Başarılı bir rüzgar enerji santrali projesinin ilk basamağı öncelikle düşük belirsizlikli bir rüzgar ölçüm periyodundan geçmektedir. Bu sebeple santral bütçesi yanında oldukça düşük bir bütçeye sahip olan rüzgar ölçüm süreci, teknik olarak tüm santralin geleceğine etkiyecek nitelikte öneme sahiptir. Bu denli önemli bir sürecin başarılı yönetilmesi sadece uluslararası standartlara uygun ekipmanlar tercih etmekle değil aynı zamanda başarılı bir uygulamayla mümkün olabilmektedir.
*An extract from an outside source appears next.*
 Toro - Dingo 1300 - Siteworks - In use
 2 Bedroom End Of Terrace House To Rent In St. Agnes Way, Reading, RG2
Bu sebeple başta bu çalışmaya konu sorunlar olmak üzere, burada paylaşılamamış bir çok problem ölçüm sürecinde belirsizlik yaratabileceğinden, mümkün olan en üst hassasiyetle ve uzmanlıkla sürecin yönetilmesi gerekmektedir.

 

KAYNAKLAR

 

[1] http://www.kintech-engineering.com/media/pdf/productcatalogue-en.pdf

[2] ICE – 61400-12 International Standart,

[3] Patel M., 2006. Wind and Solar Power System, Taylor&Francis Group, FL, ABD

SUMMARY

It is known that more than 1400 met masts are erected in Turkey within 2 years to collect valid data for new licence applications which is scheduled in April 2015. In In this paper, most common 5 problems of wind measurement campaigns are investigated to highlight the importance of measurement. It is aimed to improve quality of wind campaigns in Turkey to have more sustainable wind market.

Bu çalışma İskender Kökey tarafından ICCI 2015 'de bildiri olarak yayınlanmış ve sunulmuştur.